Sunday, July 8, 2018

Budget Project shows how Walker, WisGOP chose tax cuts over funding public schools

For your Sunday reading, I wanted to draw your attention to a recent analysis by the good people at the Wisconsin Budget Project that shows how empty Scott Walker's taxpayer-funded campaign stops at public schools really are.

As the Budget Project notes, even with increases in state funding over the last two school years, “Wisconsin still hasn’t fully restored state aid for public schools.”
In 2019, the state will invest less in public school districts than it did in 2011, something that has been true of every year in between as well. In 2019, Wisconsin school districts will receive $153 million less in state aid than in 2011 in inflation-adjusted dollars, or 2.6% less. The significant increase in resources that lawmakers provided for public schools in the 2017-19 budget closed the 2019 gap to the smallest one since the major cuts were made, but still did not lift public schools back to the 2011 funding level.

Over time, the budget cuts to public schools have accumulated. Between 2012 and 2019, the state provided $3.5 billion less in state aid to public schools than it would have if state aid had been kept at 2011 levels.
So why does Scott Walker run around the state claiming there’s a “record amount of money in K-12 education?” Because Scotty’s counting the hundreds of millions of dollars funneled into private voucher schools (up nearly $175 million in 2019 vs 2011), and the increases in the school levy credit. The school levy credit is taken off of the property taxes paid toward public schools, with those funds never seeing the inside of a public school classroom.

As the Budget Project notes
Since 2011, lawmakers havbe twice increased this property tax credit, with the expansions making up $193 million of the $940 million credit value in 2019. All owners of property receive this credit, regardless of whether they live in the state. Among homeowners, the largest credits go to the owners of expensive homes.
I also want to mention one other item that the Budget Project doesn’t, and point out that almost all of the increased funding for schools in the 2017-19 budget comes in the form of per-pupil aid, with almost none coming from the General Equalization Aid formula. This means that schools with stagnant or declining enrollments and a lack of tax base aren’t being helped as much as richer, growing schools are, which is expanding the divide in resources and quality between school districts throughout the state.

The Budget Project also connects another Walker/WisGOP policy choice to these K-12 cuts - numerous tax cuts that lessen the amount of money available to be invested.


The combined cost of the new tax cuts has climbed each year, starting from a low of $57 million in 2012, and reaching $2.0 billion in 2019 in inflation-adjustment dollars. The combined total cost of the tax cuts adds up to $8.7 billion over eight years.

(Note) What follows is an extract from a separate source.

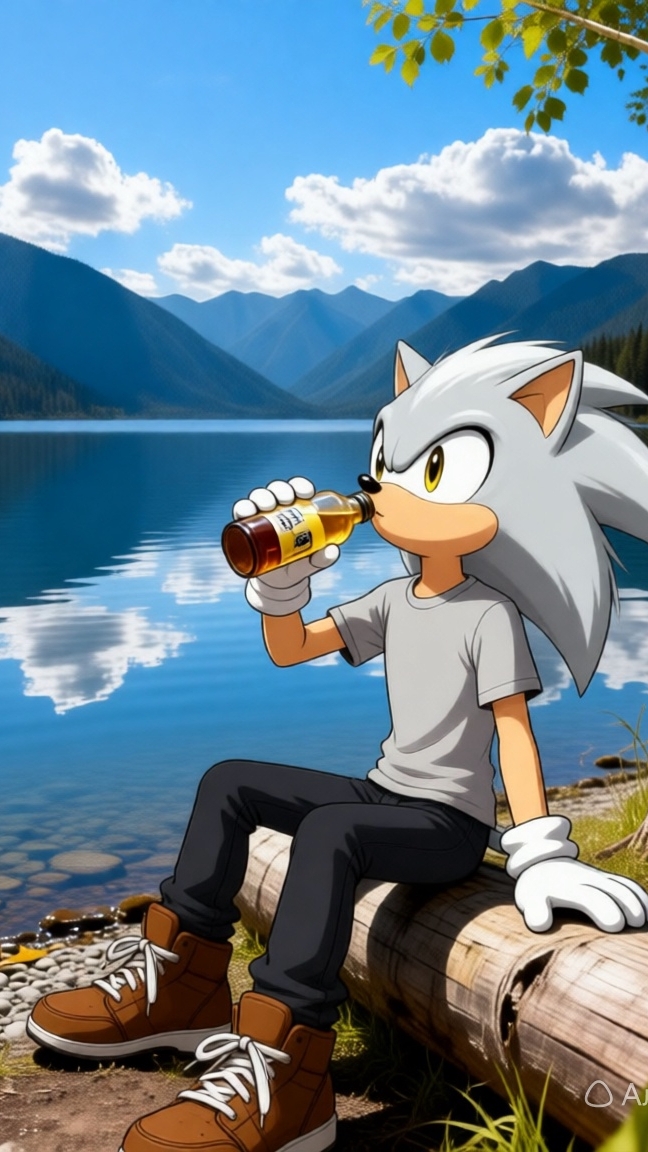 Тандер на берегу озера Байкал.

The tax cuts have drained money from public schools. If lawmakers had declined to pass new tax cuts and instead appropriated that money in the same proportion as other state tax money is spent, the result would have been an additional $649 million available for public school districts in 2019. Even just eliminating a single tax cut—the Manufacturing and Agriculture Credit—and dedicating all the revenue to public schools would increase state support well past 2011 levels.
And what did we get from these allegedly lower taxes? Our job growth hasn’t been helped one iota, and in fact, 2016 and 2017 were the two worst years for Wisconsin job growth since Scott Walker and WisGOP came to power after 2010. 2018 might not be much better, after Wisconsin losses of nearly 10,000 jobs in April and May 2018 were by far the most of any state in America.

It's not like those funds cut from K-12 education have fixed our crumbling roads, and Wisconsin fell from 7th to 15th last year when it came to having its residents be covered by health insurance. So how has Wisconsin become better off in any way, shape or form from these decisions by Wisconsin Republicans over the last 8 years?

Oh, our lower unemployment rate? That's a result of people leaving a state that won't invest in K-12 education and quality of life, and pays the lowest manufacturing wages in the Midwest.

The trends mentioned above have to be reversed, and the only way that can happen is to remove Scott Walker and the Republicans from power. We've seen what path those guys will choose if kept in office, and it's one that'll continue to drive Wisconsin into the dirt.